Esa certeza me hizo sentir felizmente desgraciado o desgraciadamente feliz, no sabría decir, pero la quería a ella y eso bastaba.
– ¡Hombre, no llore! No le robe el día al novio. –Oí a alguien murmurar, sacándome así de mi embelesamiento para que la realidad me derrumbara por completo. Sentí que estaba yendo sin remedio al matadero y yo, que nunca rezo, esa vez clamé por sobrevivir.
Amaba tanto a Clara que dolía... Sabrá Dios que por nada en la tierra cambiaría de lugar, pero dolía enormemente amarla desde el banquillo de los invitados y no desde allí a su lado, frente al altar.

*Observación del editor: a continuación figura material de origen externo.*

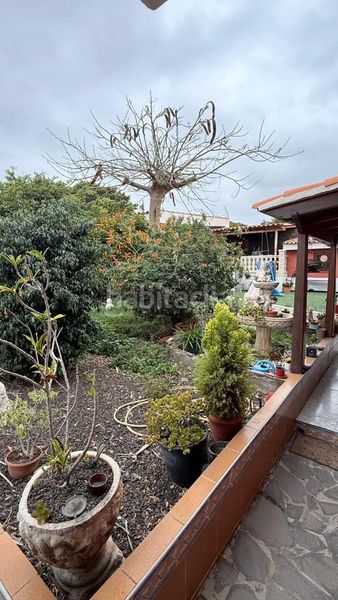 Foto dd6b02ac-9fd1-48a8-b673-c72b030a7b7c. Casa amb aparcament a Araya Candelaria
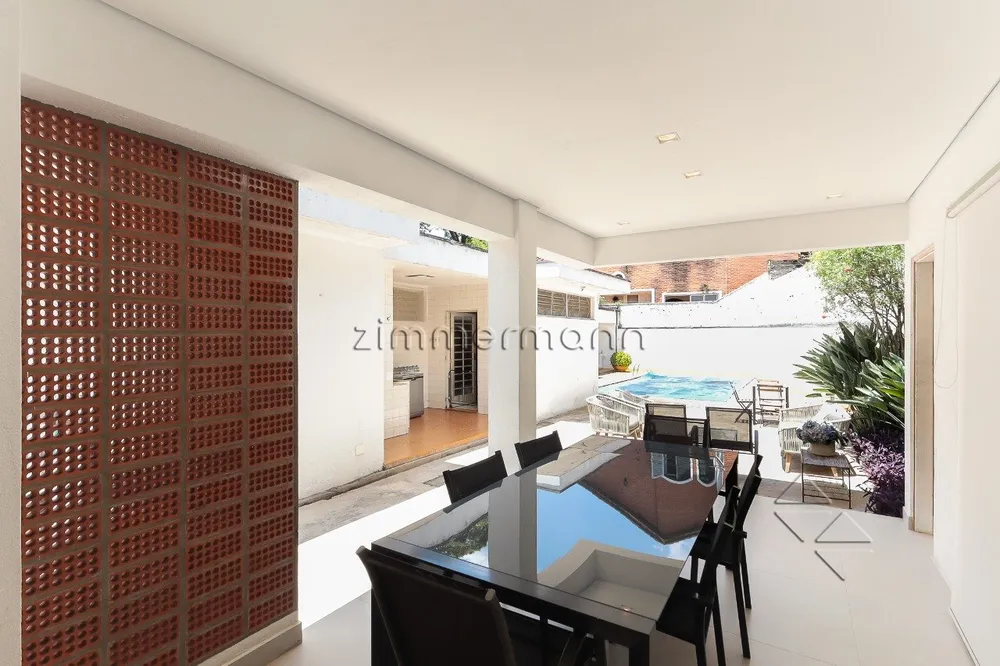 Casa, 4 quartos, 184 m² - Foto 2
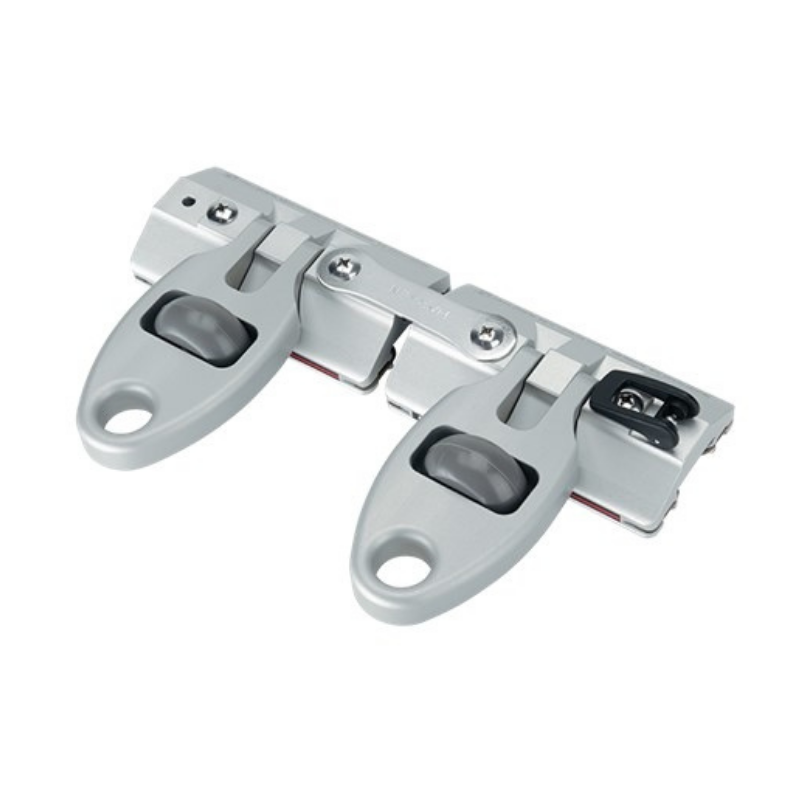 Conjunto de 2 carrinhos de Acesso R27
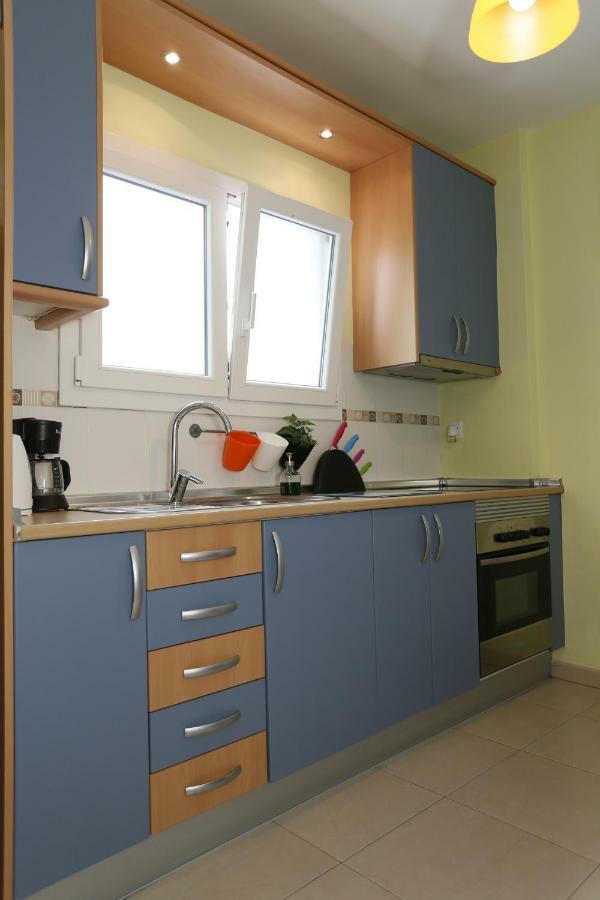 Apartamento Playa Las Canteras ลาสปัลมาส เด กรานคานาเรีย ภายนอก รูปภาพ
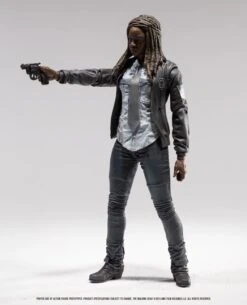 The Walking Dead TV Serie 9 - Constable Michonne Figur 11 The Walking Dead TV Serie 9 - Constable Michonne Figur -Spielzeug Puppen Geschäft 9d61ded26747868c2616cbe3250451390398a8dae935dd65bb8993015abb0811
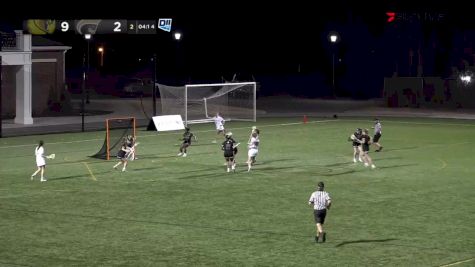 Replay: Lander vs Anderson (SC) | Feb 22 @ 7 PM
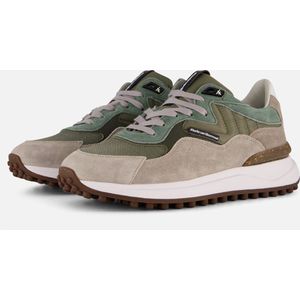 Floris van Bommel - SFM-10152 Sneakers - Multikleur - Leer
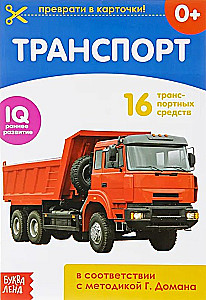 Karty Domana na spinaczach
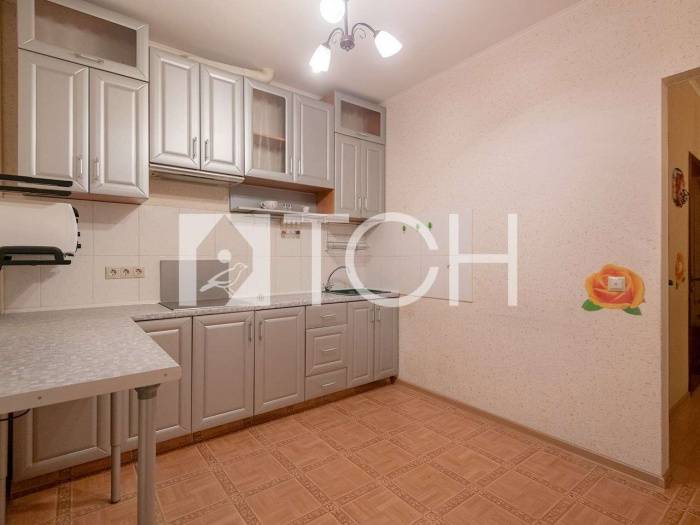2-комн. квартира, Мытищи, ул Рождественская, 7 #id296933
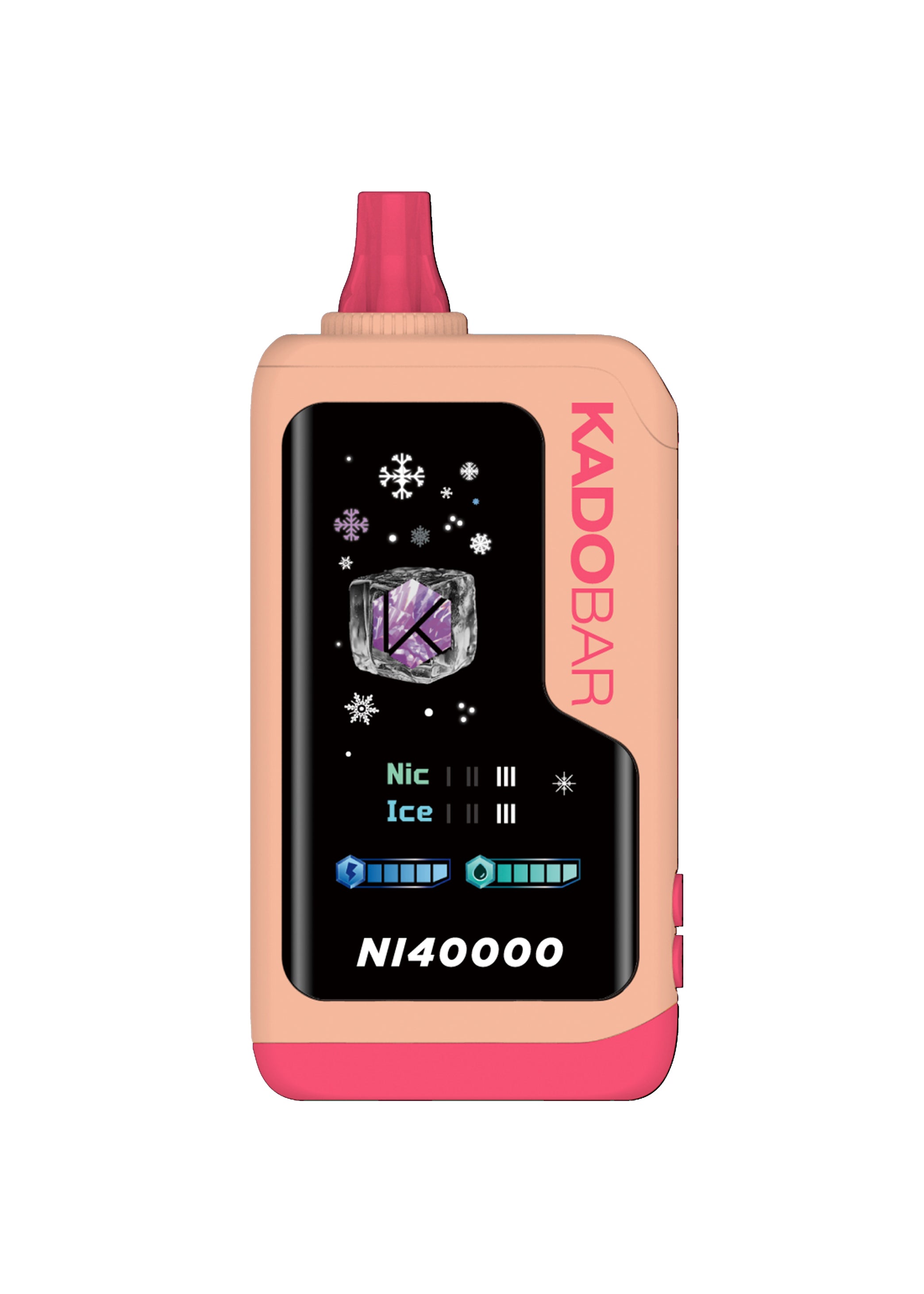 Kado Bar Disposable Vapes | GetPop Kado Bar Disposable Vapes | GetPop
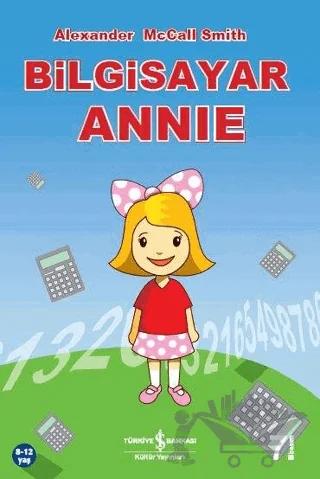 Bilgisayar Annie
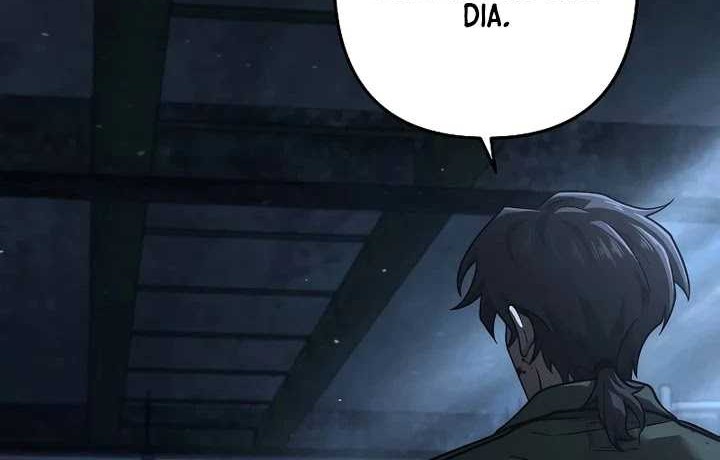 Foreigner on the Periphery (Remake) Chapter 51 - halaman 53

El murmullo del pillo entrometido se rebobinó en mi mente, una de sus palabras me empezó a seducir y pasó de ser un simple aviso a una sumatoria de delitos. De pronto se fueron alineando en mi cabeza posibilidades de rapto, homicidio, secuestro, adulterio, entre otras infracciones, crímenes e injurias que a medida que iban engrosado una lista imaginaria me hacían dudar de mi salud mental.
Con ese pensamiento y la idea de que ese día alguien diferente a mí, o en su defecto aparte de mí, terminaría sacrificado si no por voluntad a la fuerza, me entristecí. Porque de extraviar la cordura, solo había una persona capaz de traerla de vuelta y si la perdía también a ella, poco importaba si me mantenía cuerdo o si el mundo estaba de cabeza.